Following decades of corrupt and brutal dictatorships, South Korea takes a relatively tough view of the abuse of power and corruption by the president.
There is also a strong case to be made that the living ex-presidents were worse than typical presidents in healthy non-corrupt democracies.
The earlier two of the ex-presidents, Chun Doo-hwan (the last of the military dictators) and Roh Tae-woo (the transitional president between dictatorship and democracy; he had been selected by the dictatorship to be the next president, and popular protest forced the government to accept a new democratic constitution, under which Roh was elected as the next president) were sentenced to death and 17 years respectively for their roles in the Gwangju Massacre. Quite reasonably, democratic Korea chose to treat killing thousands of pro-democracy protesters as a serious offence. Chun was president at the time of the massacre, and bore the chief responsibility (thus the death sentence). Roh's role was as Commander of the Defense Security Command. The charges against Chun and Roh included mutiny (for their role in the coup that overthrew the hoped-for transition to democracy after the assassination of long-term dictator Park) and treason (the Gwangju Massacre) and corruption. They only served a few years, before being pardoned in the interests of national reconciliation.

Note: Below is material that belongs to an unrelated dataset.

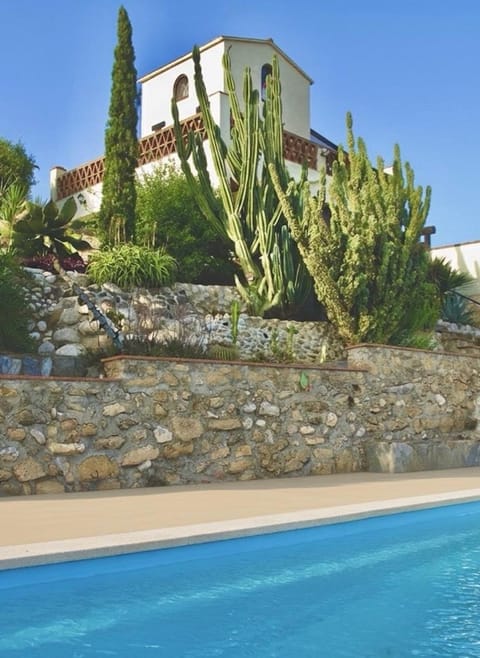 Property building, Garden, Garden view, Swimming pool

The latter two of the ex-presidents sank in a swamp of corruption and abuse of power. Park Geun-hye's fall is recent and well-publicised. The Korean people's attitude to the revelations of corruption and hew abuse of power are well-shown by the drop in her approval rating from a high of 63% to below 5%. Her conviction and long sentence are a sign that South Korea is interesting in protecting its hard-won democracy. Her predecessor, Lee Myung-bak, greatest offence was taking money in return for a presidential pardon. The South Korean people - and the court - viewed this action, pardoning a criminal in return for financial support, as deeply immoral and acted accordingly (and since it was also illegal, could do something about it). Hwang Kyo-ahn, Park's prime minister (selected to replace her original prime minister after he resigned amid allegations of bribery, making it rather reminiscent of Ford replacing Agnew and then Nixon) who took over as acting president after Park's impeachment, and can be counted as an unofficial ex-president, avoided the fate of his two predecessors, one hopes by avoiding corruption and abuse of power (at the very least, he was not caught).

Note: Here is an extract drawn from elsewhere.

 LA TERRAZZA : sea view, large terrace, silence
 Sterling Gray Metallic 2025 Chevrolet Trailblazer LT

There were three other democratic ex-presidents, between Chun and Roh, and Lee and Park. All are deceased, so aren't living ex-presidents. The first of them, Kim Young-sam (president 1993-1998) brought in strong anti-corruption attitudes and measures. The next, Kim Dae-jung, had been sentenced to death (commuted to 20 years due to foreign pressure) under the Chun presidency. His crime: supporting democracy and opposing a dictatorship that killed thousands of its citizens. The third, Roh Moo-hyun, committed suicide while under investigation on charges of bribery. In his earlier career as a lawyer, he had been briefly imprisoned (AFAIK, he was released without trial) - supporting human rights against a dictatorship can be dangerous.